Any process unlucky enough to be in the swapoff() system call (which removes a swap file from the system) will be selected to be killed first. For the rest, the initial memory size becomes the original badness score of the process. Half of each child's memory size is added to the parent's score if they do not share the same memory. Thus forking servers are the prime candidates to be killed. Having only one "hungry" child will make the parent less preferable than the child. Finally, the following heuristics are applied to save important processes:

if the task has nice value above zero, its score doubles
superuser or direct hardware access tasks (CAP_SYS_ADMIN, CAP_SYS_RESOURCE or CAP_SYS_RAWIO) have their score divided by 4. This is cumulative, i.e., a super-user task with hardware access would have its score divided by 16.
if OOM condition happened in one cpuset and checked task does not belong to that set, its score is divided by 8.
the resulting score is multiplied by two to the power of oom_adj (i.e. points <<= oom_adj when it is positive and points >>= -(oom_adj)otherwise).

The task with the highest badness score is then selected and its children are killed. The process itself will be killed in an OOM situation when it does not have children.

Shifting OOM-killing policy to user-space

/proc/<pid>/oom_score is a dynamic value which changes with time, and is not flexible with different and dynamic policies required by the administrator. It is difficult to determine which process will be killed in case of an OOM condition. The administrator must adjust the score for every process created, and for every process which exits. This could be quite a task in a system with quickly-spawning processes. In an attempt to make OOM-killer policy implementation easier, a name-based solution was proposed by Evgeniy Polyakov. With his patch, the process to die first is the one running the program whose name is found in /proc/sys/vm/oom_victim. A name based solution has its limitations:

task name is not a reliable indicator of true name and is truncated in the process name fields. Moreover, symlinks to executing binaries, but with different names will not work with this approach
This approach can specify only one name at a time, ruling out the possibility of a hierarchy
There could be multiple processes of the same name but from different binaries.
The behavior boils down to the default current implementation if there is no process by the name defined by /proc/sys/vm/oom_victim. This increases the number of scans required to find the victim process.
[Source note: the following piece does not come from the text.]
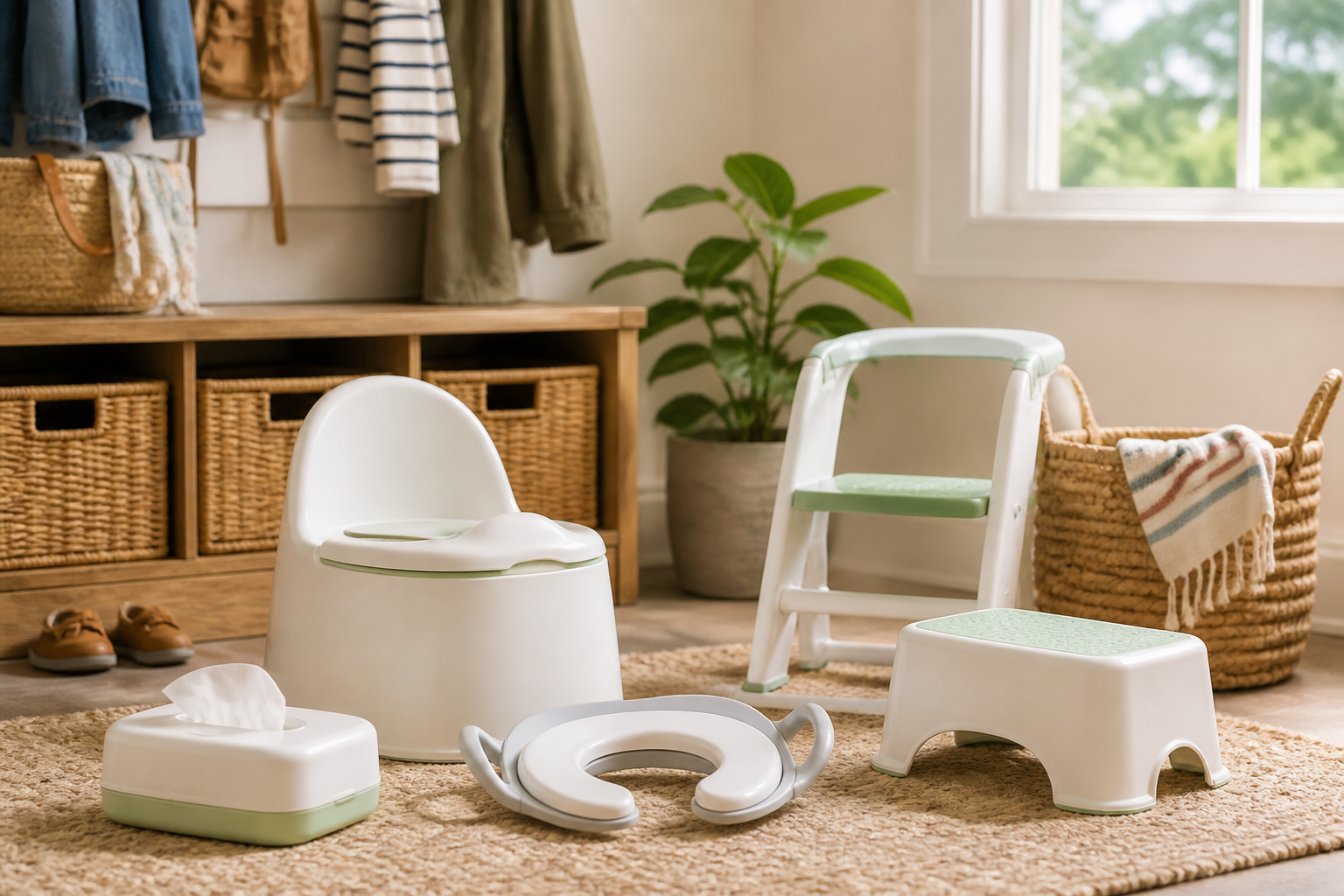 Potty Training Equipment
Alan Cox disliked this solution, suggesting that containers are the most appropriate way to control the problem. In response to this suggestion, theoom_killer controller, contributed by Nikanth Karthikesan, provides control of the sequence of processes to be killed when the system runs out of memory. The patch introduces an OOM control group (cgroup) with an oom.priority field. The process to be killed is selected from the processes having the highest oom.priority value.

To take control of the OOM-killer, mount the cgroup OOM pseudo-filesystem introduced by the patch:

    # mount -t cgroup -o oom oom /mnt/oom-killer

The OOM-killer directory contains the list of all processes in the file tasks, and their OOM priority in oom.priority. By default, oom.priority is set to one.
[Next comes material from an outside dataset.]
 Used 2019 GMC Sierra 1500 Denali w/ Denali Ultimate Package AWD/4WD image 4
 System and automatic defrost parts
If you want to create a special control group containing the list of processes which should be the first to receive the OOM killer's attention, create a directory under /mnt/oom-killer to represent it:

    # mkdir lambs

Set oom.priority to a value high enough:

    # echo 256 > /mnt/oom-killer/lambs/oom.priority

oom.priority is a 64-bit unsigned integer, and can have a maximum value an unsigned 64-bit number can hold. While scanning for the process to be killed, the OOM-killer selects a process from the list of tasks with the highest oom.priority value.

Add the PID of the process to be added to the list of tasks:

    # echo <pid> > /mnt/oom-killer/lambs/tasks

To create a list of processes, which will not be killed by the OOM-killer, make a directory to contain the processes:

    # mkdir invincibles

Setting oom.priority to zero makes all the process in this cgroup to be excluded from the list of target processes to be killed.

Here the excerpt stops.